(Editor's note: This story has been updated with new comment.)
The FBI and Justice Department today announced a victory against the cybercriminal group Hive, confirmed by the hackers themselves via a message posted by the group on the dark web.
Ransomware attacks, the process of cybercriminals seizing or preventing access to data and demanding payment before releasing the data back to the target, are the top cyberthreat faced by organizations. Hive in the past received millions of dollars from ransomware victims.
According to the announcement this morning from the FBI and Justice Department, the FBI in July 2022 infiltrated Hive's computer networks, obtained over 1,300 decryption keys used for ransomware attacks past and present and distributed them back to victims.

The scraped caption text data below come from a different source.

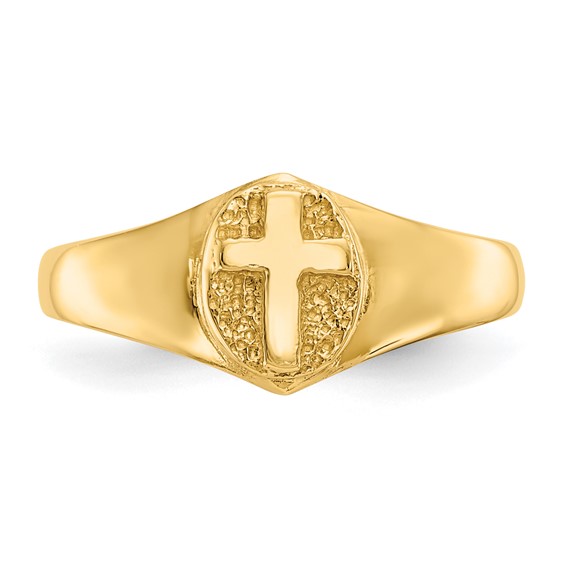 Gold Polished Children's Cross Rings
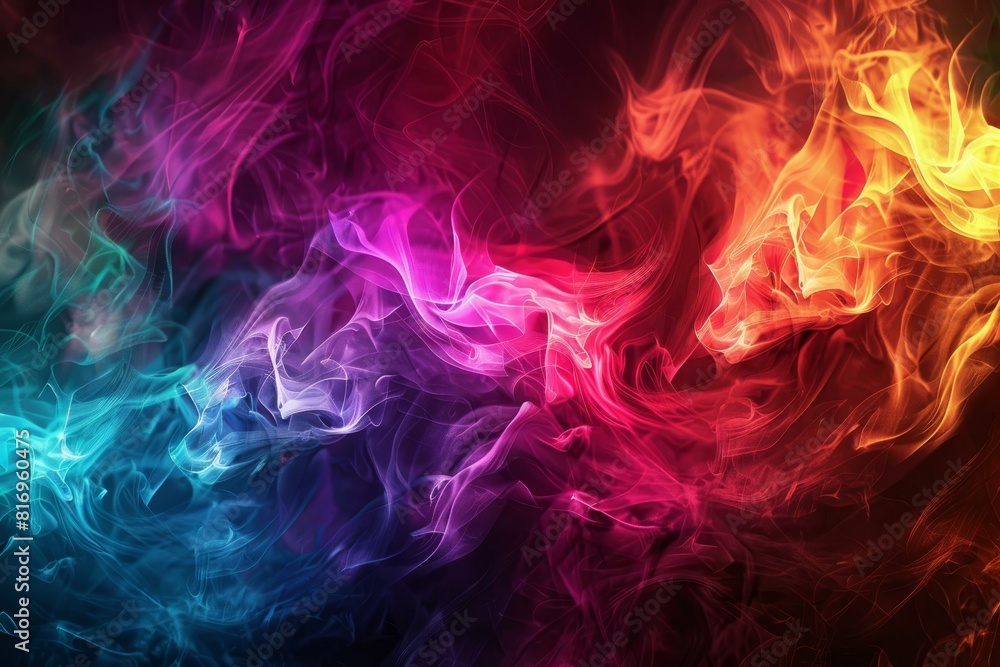 Poster digital wallpaper featuring colorful smoke patterns with a dynamic and fluid appearance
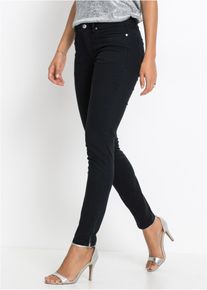 Jeans skinny cropped vita media, Nero, Taglia 42, bonprix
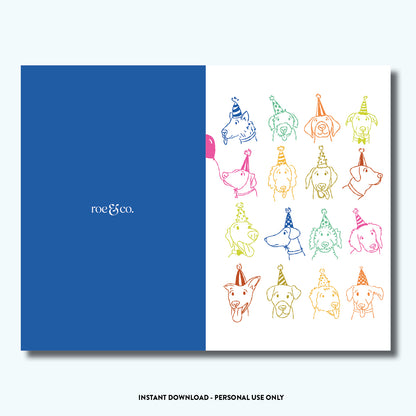 Dog Birthday Card | Instant Download Digital Greeting Card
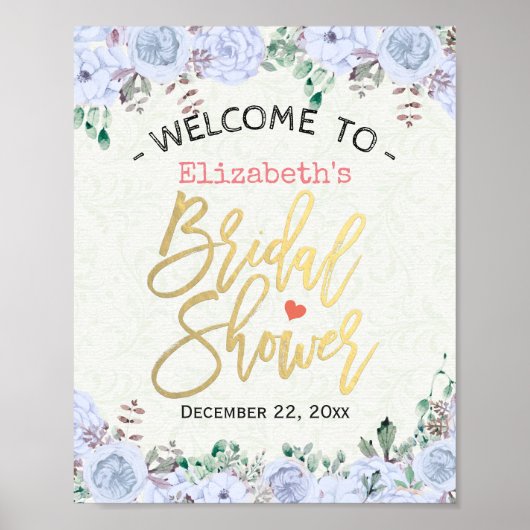 Fête des mariées Affiche de bienvenue Chic Floral  (Devant)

The FBI also warned potential victims they were being targeted by Hive and prevented extortion demands that might have reached up to $130 million in payments.
No arrests were announced and the U.S. government doesn't believe the takedown will permanently cripple the ransomware group.
According to BleepingComputer, the Hive dark web post gives credit for the seizure not only to the FBI and Justice Department but also to the U.S. Secret Service, Europol and Germany's Federal Criminal Police Office and Baden-Württemberg Police agencies.
The British, Canadian, Dutch, French, Lithuanian, Norwegian, Portuguese, Romanian, Spanish and Swedish flags also appear on the dark web post that alternates in English and Russian text. And according to comment given to NBC by Allan Liska, ransomware analyst from cybersecurity company Recorded Future, the core group of Hive's cybercriminals spoke Russian.
We can safely not expect the Kremlin to cooperate with Western law enforcement on this issue, ever.
“Today’s disruption of the Russian Hive ransomware infrastructure underscores the historic international cooperation between law enforcement agencies. The International Ransomware taskforce is having an impact," Tom Kellermann, CISM, senior vice president of cyberstrategy at Contrast Security tells IndustryWeek.
"The real challenge lies in the protection racket that exists between the cybercrime cartels and the Russian regime, which endows them with untouchable status from western law enforcement. We must recognize that the majority of the proceeds from ransomware allow for Russia to offset economic sanctions," Kellermann adds.
"What the Cybersecurity and Infrastructure Security Agency (CISA), DOJ and the FBI are doing to disrupt ransomware is having a real impact. The ransomware gangs are finding it increasingly hard to make a living extorting companies. Extortion payments are down big time. More victims aren't paying. And it's becoming increasingly harder for the bad guys to make the same level of revenue they made in the past," says Roger Grimes, data-driven defense evangelist at KnowBe4.
"Because this is a RaaS (Ransomware-as-a-Service) structured group, many of the affiliates who actually carried out the attacks and were responsible for gaining initial network access of their victims are not likely to be swept up in this law enforcement action.[...] Unfortunately, there will be plenty of groups that are still operating that will be happy to welcome the affiliates associated with this group into their own teams, meaning this is not the end of ransomware by any means," says Erich Kron, security awareness advocate at KnowBe4.
"It is absolutely a step in the right direction and as more of these groups, especially high visibility ones like Hive, are dismantled by law enforcement, assets seized, and hopefully arrests made, we can certainly hope that this will make participating in cybercrime groups like this less appealing to potential cyber criminals,” Kron adds.